Whew! Enough talk about Apple. I mentioned that story just to make a point. Sometimes we delude ourselves into believing that one product/company is better than another based on hearsay, groupthink, or own positive experience with that product/technology/protocol. Perhaps it is all we’ve ever known and thus come to the conclusion that it is the best. Or maybe that guy was just trying to make a sale and counted on the ignorance of the consumer. I don’t know. I doubt I will make another trip to the Apple store unless they are the only ones selling Apple TV. What can I say? I’m becoming a convert/fanboy/zombie when it comes to Apple.

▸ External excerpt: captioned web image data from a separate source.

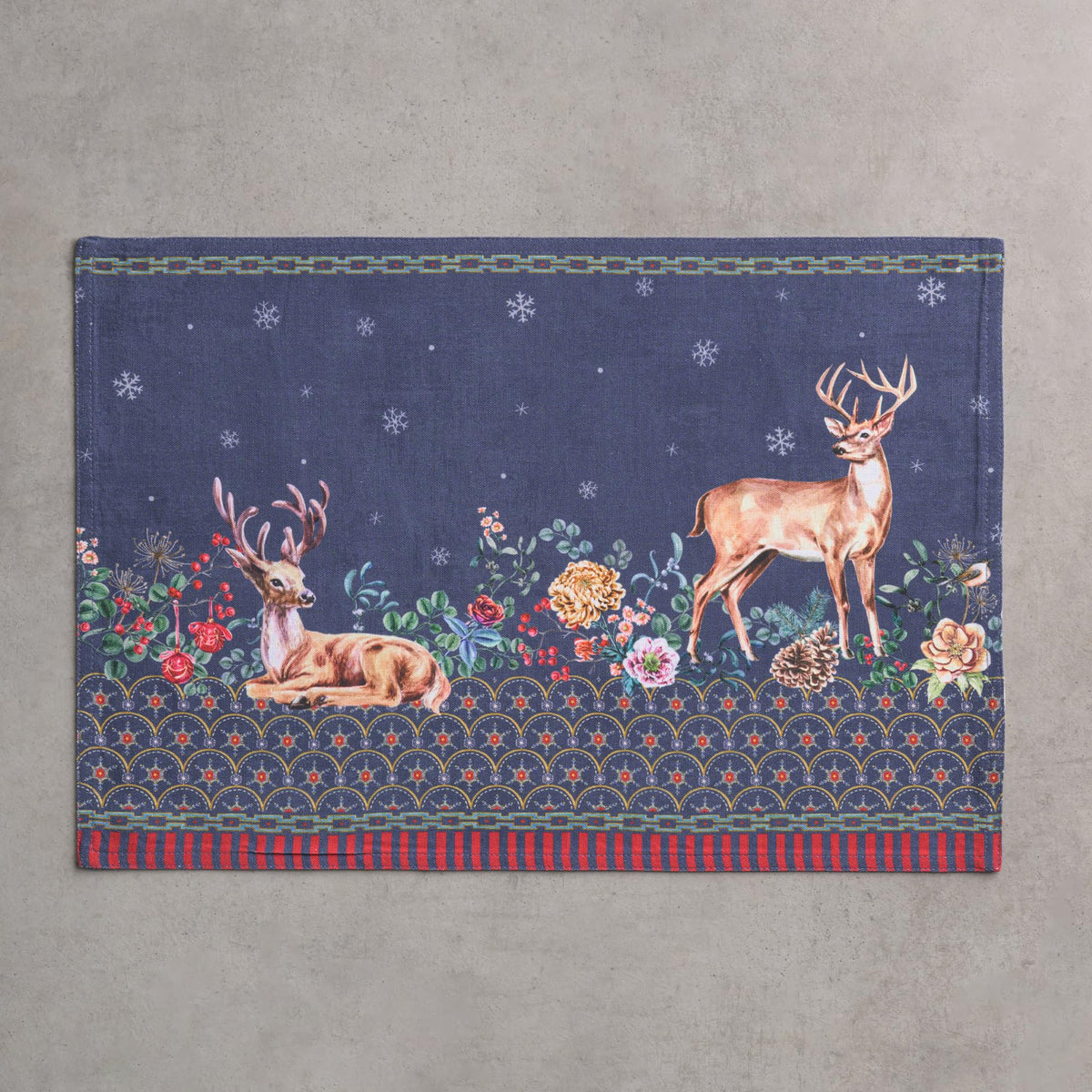 Placemats Set of 4 Reusable 100% Cotton (035 - Christmas Joy / 13" X 19" (Pack of 4))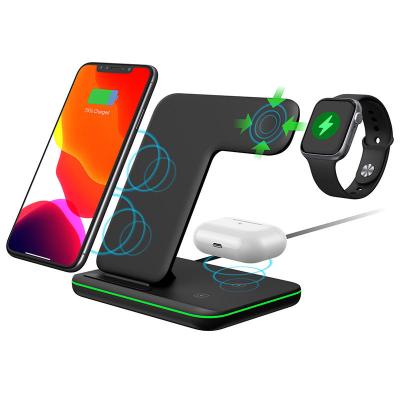 China Mobile Phone Factory Price Wireless Charger Reference 3 in 1 15W Qi Fast Charging Wireless Charger Stand for Cell Phone Mobile Watch for sale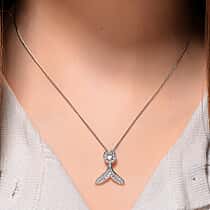 RADIANTA GRA Certified Moissanite Whale Tail Pendant with Chain (Size 18) in Rhodium Overlay Sterling Silver (D-VVS1)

Here’s an exercise for you. Don’t worry. It’s purely a mental one. Act as if you were a first time visitor to your company data center, computer room, closet, or wherever you hide your network gear. Ask about the various products you bought and why you chose them over a competing product. If you run a Cisco ASA firewall, why did you pick that over CheckPoint, Juniper NetScreen, WatchGuard, or SonicWall? Why did you choose that Juniper router over Cisco, Vyatta, Brocade, or Adtran? It’s a good exercise because it forces you to confront the real reasons you buy from certain vendors. You see, you can be a fan of a product or a company and buy continually from them without ever really considering why you do it in the first place. At some point, someone who knows a fair amount about that particular product space might ask you to defend your selection. You better have a better answer than cost or the plethora of free lunches you get from the vendor. If you have no idea what the criteria is for determining the best choice, then you might be in over your head. Don’t worry though. Most people won’t notice as long as the free lunches keep rolling in.
In closing, can you be a technology bigot? Not if you want to be a professional. Every company has flaws and every company will produce bad technology from time to time. Being open to all solutions will keep you from buying the bad technology or using the wrong protocol. Your job as a corporate drone like myself is not to convert everyone to a particular product/technology to where they shut out reason and refuse to consider alternatives. Your job is to find the right product for your particular situation. Let the facts behind your decision speak for themselves. Tell people why you chose a particular product or technology from technical merits alone and you’ll find most people will accept that. Tell people that only a moron would pick something else and you’ll end up with a lot fewer friends. You better hope the vendor you buy from wants to buy you lunch all the time because no one else will.
****EDIT: I should probably make the point that I am only focusing on technical merits of hardware/technology first. There are other very valid reasons to buy or not buy certain products such as ease of use or familiarity by existing staff, ability to procure said equipment, or size and scope of project. If you have a fairly nailed down requirements list for some remote sites and need to deploy equipment there, then I wouldn’t advocate going through a full blown product selection procedure every single time. My point is simply that before any of those things are considered, the product must meet the technical requirements of the job at hand. After determining that, then you can consider the support structure, cost, etc. If the cost is too much, your requirements will have to change.